DATA FOR PROCESSING ::
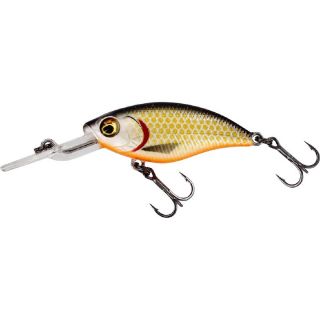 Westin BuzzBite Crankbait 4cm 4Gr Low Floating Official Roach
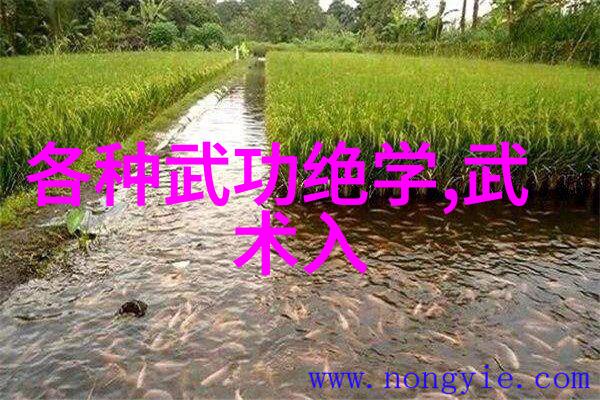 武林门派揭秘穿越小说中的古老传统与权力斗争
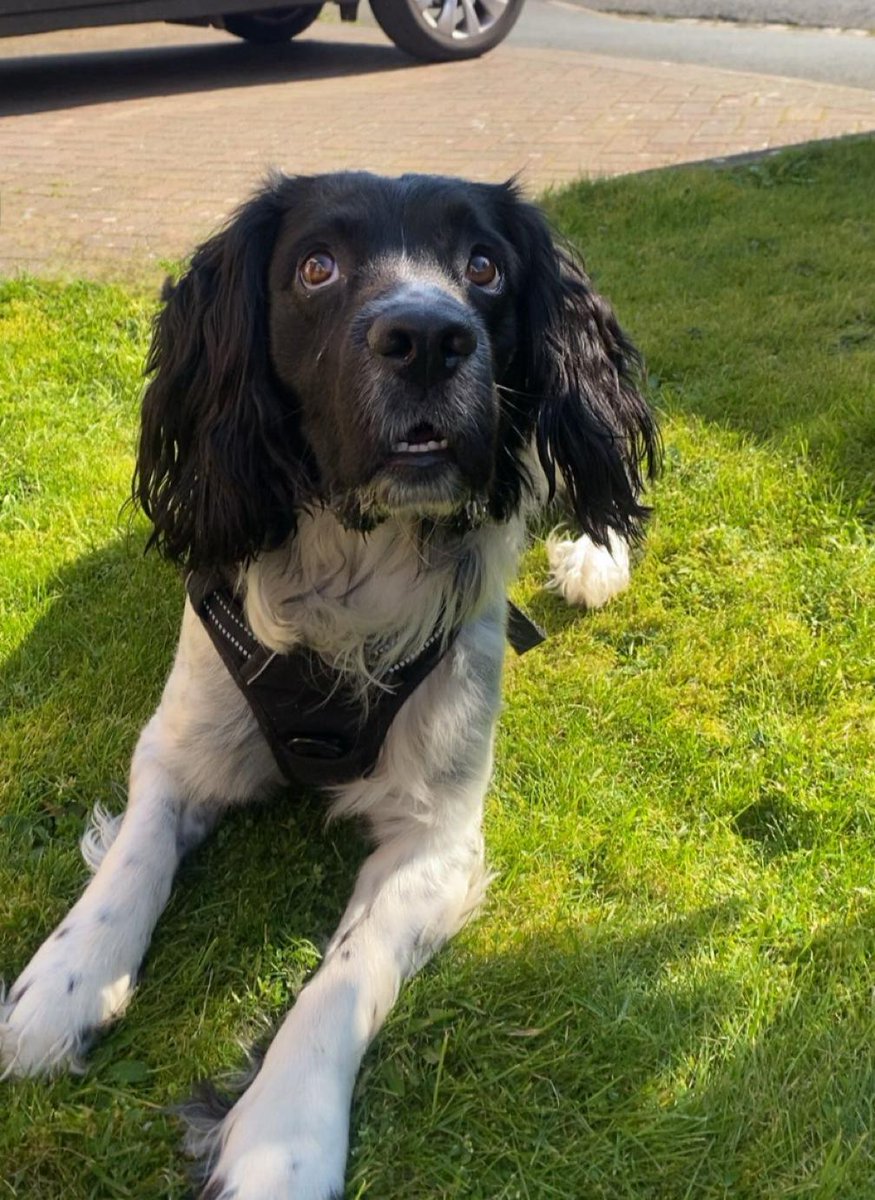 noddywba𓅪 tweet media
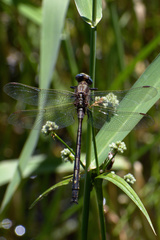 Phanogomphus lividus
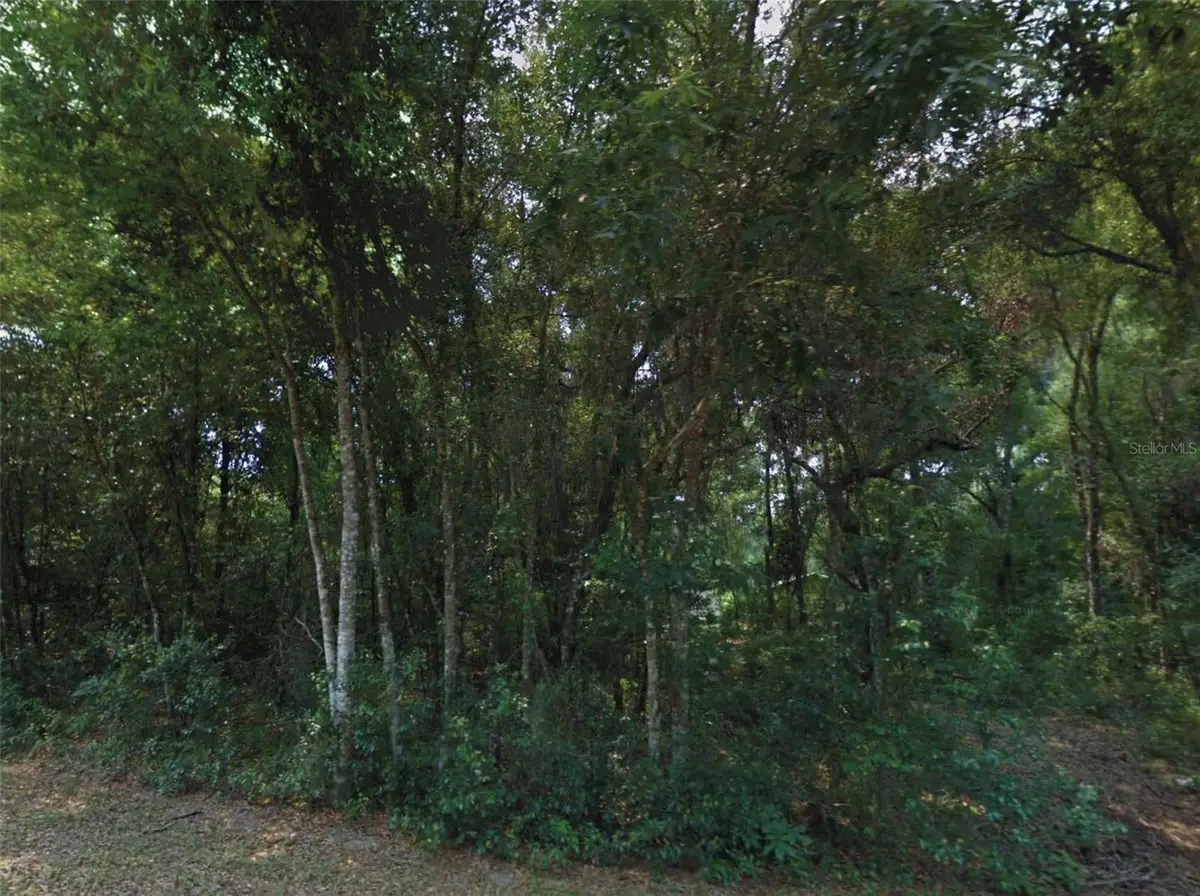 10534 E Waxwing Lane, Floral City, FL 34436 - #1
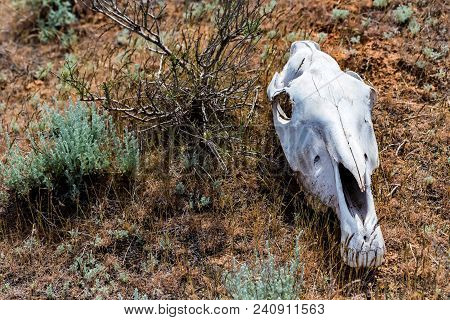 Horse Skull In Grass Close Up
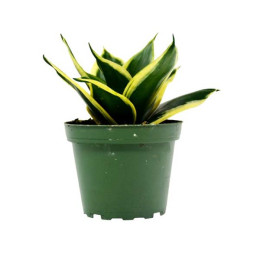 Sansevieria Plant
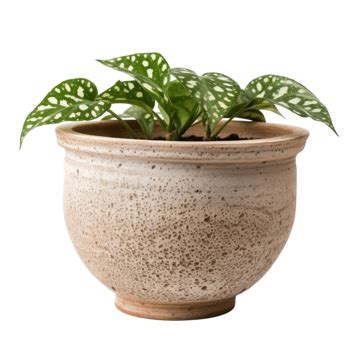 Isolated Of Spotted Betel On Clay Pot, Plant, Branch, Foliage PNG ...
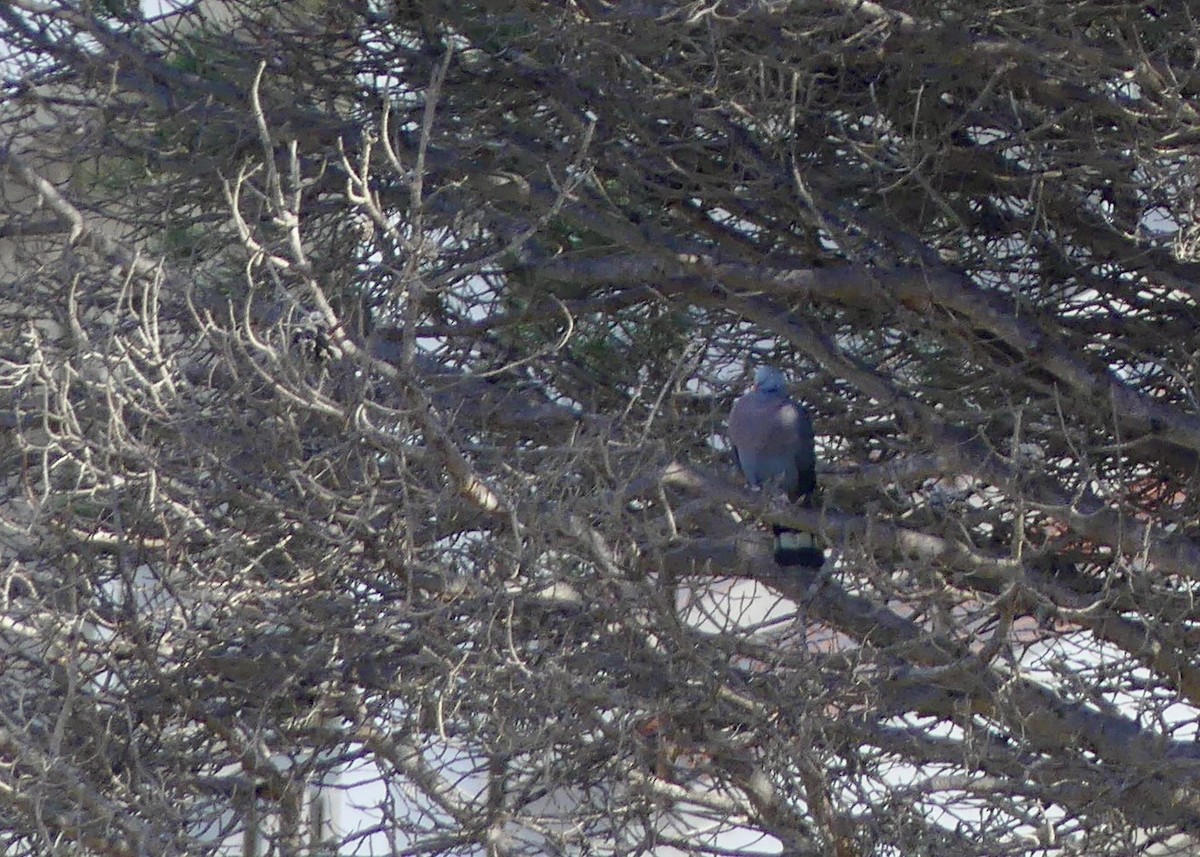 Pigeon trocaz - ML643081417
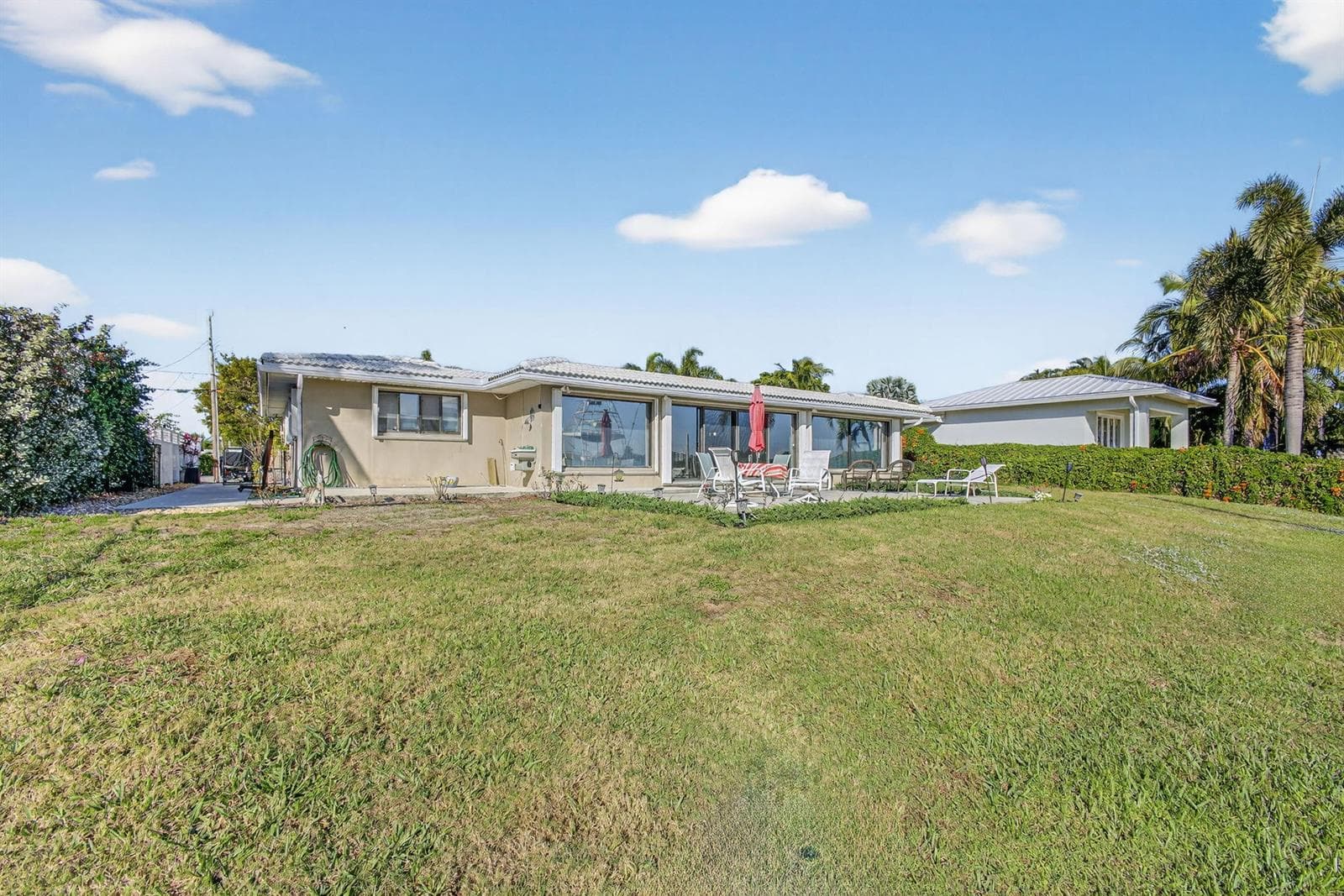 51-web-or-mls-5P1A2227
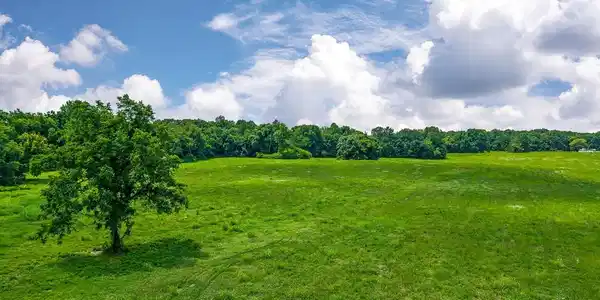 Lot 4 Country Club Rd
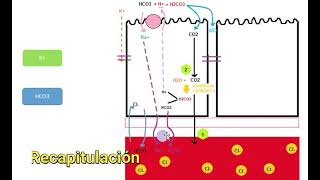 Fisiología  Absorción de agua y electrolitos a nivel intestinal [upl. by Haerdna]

HOW TO COMPLETE THIS TASK :: In your reply, please print exactly the lines from the one with "10534 E Waxwing" through the final line of the listing above, both included, and no pictures.

RESULT OF THIS EXERCISE ::
 10534 E Waxwing Lane, Floral City, FL 34436 - #1
 Horse Skull In Grass Close Up
 Sansevieria Plant
 Isolated Of Spotted Betel On Clay Pot, Plant, Branch, Foliage PNG ...
 Pigeon trocaz - ML643081417
 51-web-or-mls-5P1A2227
 Lot 4 Country Club Rd
 Fisiología  Absorción de agua y electrolitos a nivel intestinal [upl. by Haerdna]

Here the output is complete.